Within Sellers-Young’s career, “Neuroplasticity and Performance” marks a significant consolidation. Earlier work had examined ritual as social structure in motion, intercultural transmission as embodied misunderstanding, and actor training as psychophysical integration. Here those concerns are drawn together through the concept of plasticity. Habit is embodied, but embodiment is revisable; culture patterns attention, but attention can be retrained; performance is artistic, but also cognitive and pedagogical. The paper also anticipates later developments in her thought. Its concern with how practice reshapes the self foreshadows her expanded account of reflexivity in somatic autoethnography. Its critique of academic disembodiment prefigures her later arguments about arts-based learning and sustainability as perceptual reorientation.
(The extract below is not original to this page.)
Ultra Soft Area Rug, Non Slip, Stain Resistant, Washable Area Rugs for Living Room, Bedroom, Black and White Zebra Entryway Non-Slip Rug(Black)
Its cautionary distinction between Zen as idea and Zen as bodily discipline resonates with her continuing insistence that borrowed forms must be understood as techniques of subject formation, not free-floating concepts.
If there is a tension in the essay, it is a productive one. On the one hand, Sellers-Young seeks a broad account of embodied cognition that can travel across disciplines and support educational reform. On the other, her examples arise from specific historical transmissions—Zen in America, Asian performance in U.S. studios, somatic dance lineages—that are never wholly neutral. The paper does not dwell on the ethical complexities of intercultural borrowing as fully as some of her other work does. Yet even here, the emphasis on discipline, practice, and concrete pedagogical effect guards against easy universalization. Contemplative forms matter not because “the East” offers mystical wisdom to “the West,” but because particular practices of attention have demonstrably altered how performers and students inhabit their own bodies and minds.
The lasting force of “Neuroplasticity and Performance” lies in this refusal to separate art from cognition, or cognition from embodiment. Sellers-Young does not simply say that bodies matter to learning. She shows how a historically specific set of performance and contemplative practices made available a richer understanding of what learning is: a reorganization of perception, habit, and response in living time. Stillness, in this account, is not the suspension of thought but one of its conditions. Motion is not the expenditure of form but the field in which consciousness becomes visible. Between them lies the paper’s most enduring claim: that education worthy of contemporary life must teach people not only to know, but to notice how they know, and to remake that knowing through the disciplined life of the body.